You have the most fascinating posts. I can't wait to see every week.. sk

fishing guy said...

Dina: Now that's an animal we never see wondering around. Very nice photo.

Ackworth Born said...

a very interesting post - I seem to be hearing a lot about camels in various places these days.

Rayne said...

I have always liked camels. They have the most pompous looks on their faces. Thank you for the D and B thing. I've always wondered which was which.

lv2scpbk said...

Nice photos of the camel.

Dragonstar said...

That Vet is a very interesting man, and so is your post. Thank you.

babooshka said...

You never have the usual critters. fascinating resading again too.

Misty Dawn said...

That is SO cool! I agree with Sandy - you have absolutely fascinating posts!

Michelle said...

Dina..I enjoyed the post and the article about camels. Now I learned something new today thanks to you.

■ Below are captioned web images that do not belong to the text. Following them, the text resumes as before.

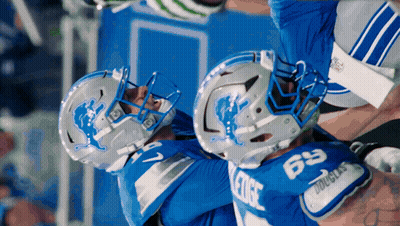 Football Player With Lion Helmet GIF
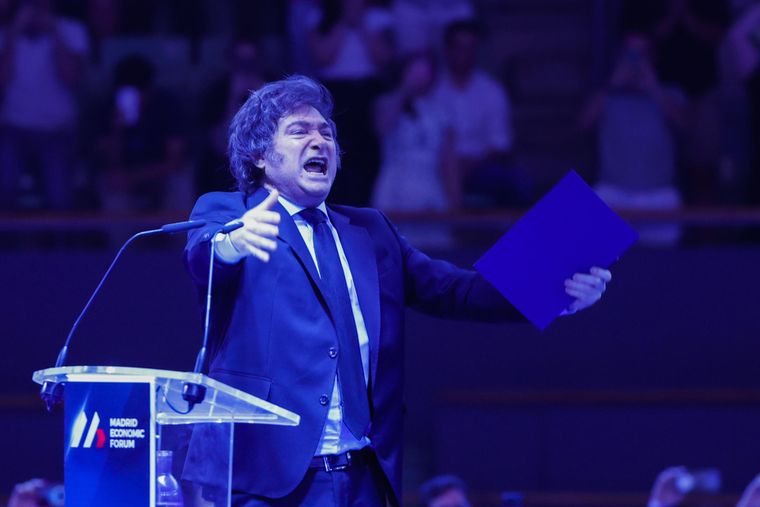 Javier Milei en el Madrid Economic Forum 2025.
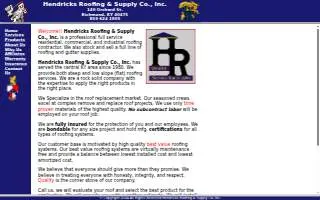 Hendricks Roofing Co website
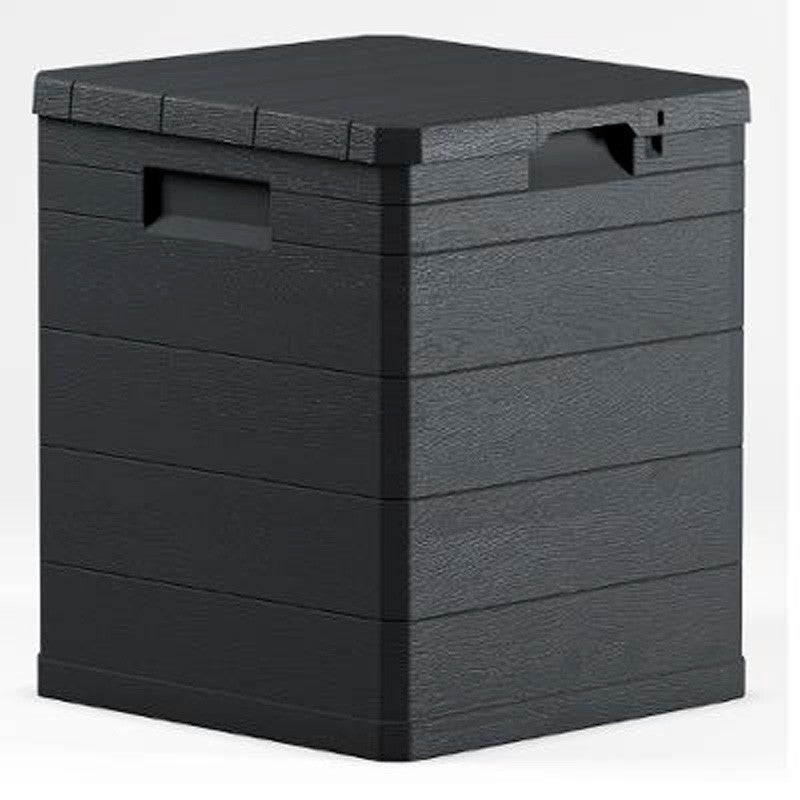 Poubelle Wheeler 90L Avec Roues - Plastique Anthracite - 583x394x783 Mm - Pour Jardin, Maison, Entreprise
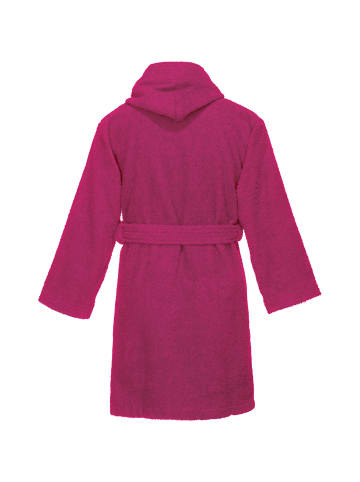 REDBEST Frottier Kinder-Bademantel mit Kapuze Chicago in fuchsia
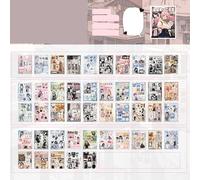 Alideco 45pcs Scrapbook Stickers Vintage Cartoon Character Dessert Food Sticker Book for Adults Sticker journaling Stickers for Scrapbooking (huawuxiaozhi)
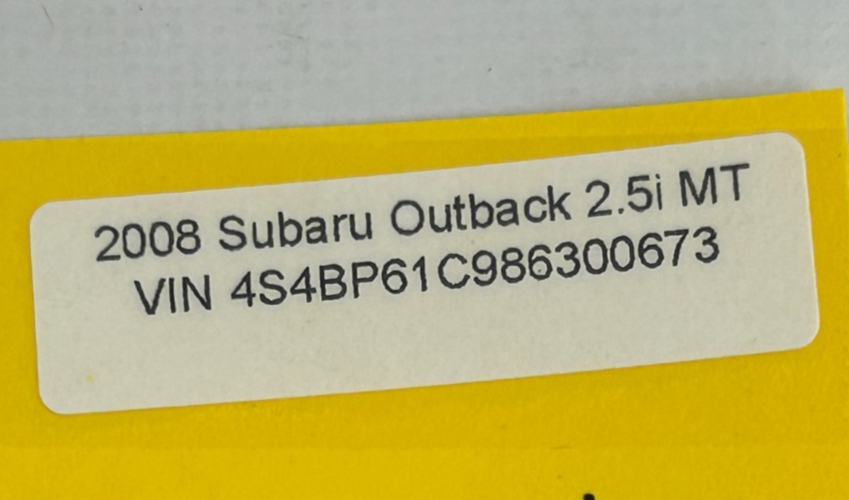 2005-2009 Subaru Outback Emergency Flasher Hazard Switch Button OEM 83037AG01B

Powell River Books said...

Hi Dina - Thanks for nice comments on my blog. Archeology must be very interesting around Jerusalem. I have been very interested in the history around our Powell Lake cabin home. It feels like I am stepping back in time when I find an old cabin or a relic on the lake floor. -- Margy

Jennifer in OR said...

Here via Tipper's blog. I love your photographs and I love Israel! My kids got to ride a camel at the county fair a few years ago, and loved it.

Lilli & Nevada said...

what a great critter photo.

Louis la Vache said...

SPECIAL EDITION FOR CHUCK PEFLEY!

D... said...

The camels are lovely. How wonderful jto see them out & about like that. It's a sad shame that the numbers are down to 2,500.

Thank you for visiting my camera critters. I absolutely loved the starfish story you told. You are so right. You might not be able to save everything, but it makes a difference to the ones you do save.

Rambling Round said...

What a sight! Camels! Looks like they would be fun to ride.

Kay said...

You know, Dina. I'm just not a big fan of riding that camel. I preferred the donkey when we were in Egypt. They're called Ship of the Desert for a reason. I felt like I was getting tossed about like a ship in a storm. The donkey on the other hand just had a mind of its own.

USelaine said...

The article you linked to here was really interesting. So much about camels and culture and adventure.

Marvin said...

A very interesting post and linked article.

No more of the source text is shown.